Giant Banfield Reports Six Deaths So Far, Not Thousands; Sen. Durbin, Calls for Change


            The good news is that the incidents of reported cases of death and illness due to eating tainted pet food seems to have nearly diminished all together, according to the FDA and also the largest group of pet hospitals (with over 600 clinics throughout the country), Banfield, the Pet Hospital.

            Reports of confirmed pet death numbers are beginning to finally trickle out, as opposed to the ongoing rampant speculation by various sources.

            It turns out, according to Banfield, most of the animals who became ill as a result of the tainted food were cats, and most of them have – in fact – survived. “When their owners did promptly see their vet, it’s good news that most cats have come out of this okay,” says Banfield senior medical advisor Dr. Nancy Zimmerman. “Although, we have no way to know whether they will have any long-term affects.”

            Banfield, based in Portland, OR, keeps tabs of pretty everything in veterinary medicine with their unique data base. For example, Banfield reports there was a 30 per cent increase in pets who experienced either acute or chronic renal failure, from Dec. 1, ‘06 through March 6, ‘07. While this is certainly a red flag – a specific link to tainted food is unclear. 

            Beginning March 20 (five days after the Menu Foods announced the recall of nearly 100 brands), and continuing for three weeks, Banfield directly tracked pets thought to have become ill or have died as a result of eating tainted food. Pet owners d who brought their animals to Banfield clinics complained 1,605 pets who reportedly ate the recalled food, less than one per cent of total pets examined at Banfield hospitals in this time frame. Confirmed with an animal autopsy, five cats and one dog died as a result of the contaminated food. That number could rise somewhat as pathology reports continue to come in to Banfield.

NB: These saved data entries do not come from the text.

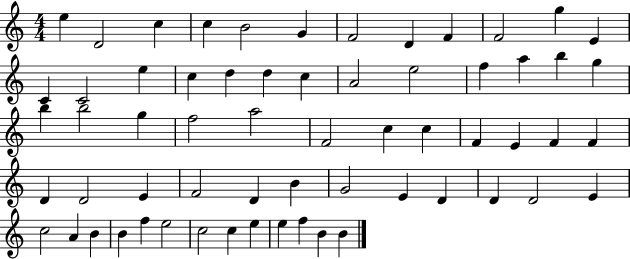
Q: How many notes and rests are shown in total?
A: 62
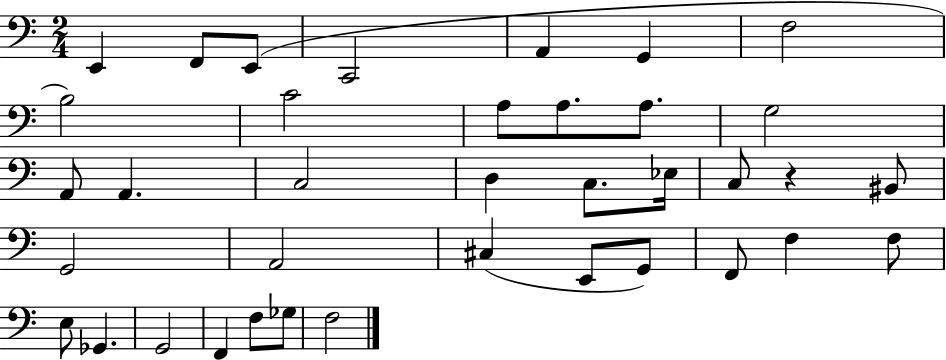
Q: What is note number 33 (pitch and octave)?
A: F2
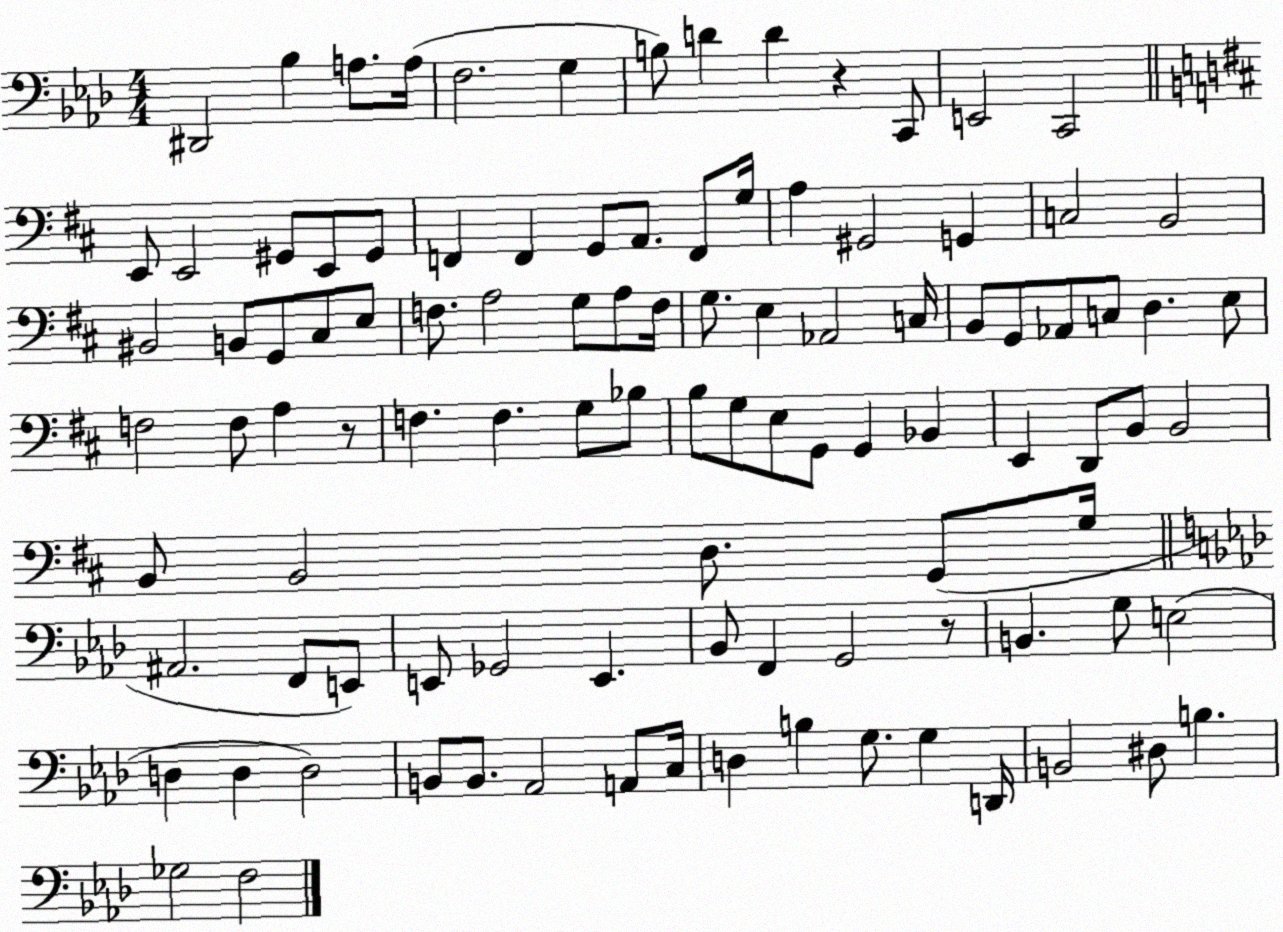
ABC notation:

X:1
T:Untitled
M:4/4
L:1/4
K:Ab
^D,,2 _B, A,/2 A,/4 F,2 G, B,/2 D D z C,,/2 E,,2 C,,2 E,,/2 E,,2 ^G,,/2 E,,/2 ^G,,/2 F,, F,, G,,/2 A,,/2 F,,/2 G,/4 A, ^G,,2 G,, C,2 B,,2 ^B,,2 B,,/2 G,,/2 ^C,/2 E,/2 F,/2 A,2 G,/2 A,/2 F,/4 G,/2 E, _A,,2 C,/4 B,,/2 G,,/2 _A,,/2 C,/2 D, E,/2 F,2 F,/2 A, z/2 F, F, G,/2 _B,/2 B,/2 G,/2 E,/2 G,,/2 G,, _B,, E,, D,,/2 B,,/2 B,,2 B,,/2 B,,2 D,/2 G,,/2 G,/4 ^A,,2 F,,/2 E,,/2 E,,/2 _G,,2 E,, _B,,/2 F,, G,,2 z/2 B,, G,/2 E,2 D, D, D,2 B,,/2 B,,/2 _A,,2 A,,/2 C,/4 D, B, G,/2 G, D,,/4 B,,2 ^D,/2 B, _G,2 F,2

            The good news is that reports of thousands of dying at Banfield hospitals as result of poisoned food is absolutely untrue. In fact, the numbers of pets deaths nationwide may turn out to be in the hundreds, not thousands – though the exact numbers may never be known. “Thankfully it doesn’t appear as though the death rate will be overwhelming numbers,” says Zimmerman. “But that doesn’t lesson the tragedy of this, especially if your pet was affected.”

            No matter what the ultimate death numbers turns out to be – the pet food crisis never should have happened according to U.S. Senator Dick Durbin (D-IL).  On Thursday (April 12), he’s scheduled to hold an oversight hearing of the Senate Agriculture Appropriations Subcommittee on what is being termed an “ongoing investigation” concerning the pet food industry, and specifically this instance of tainted pet foods.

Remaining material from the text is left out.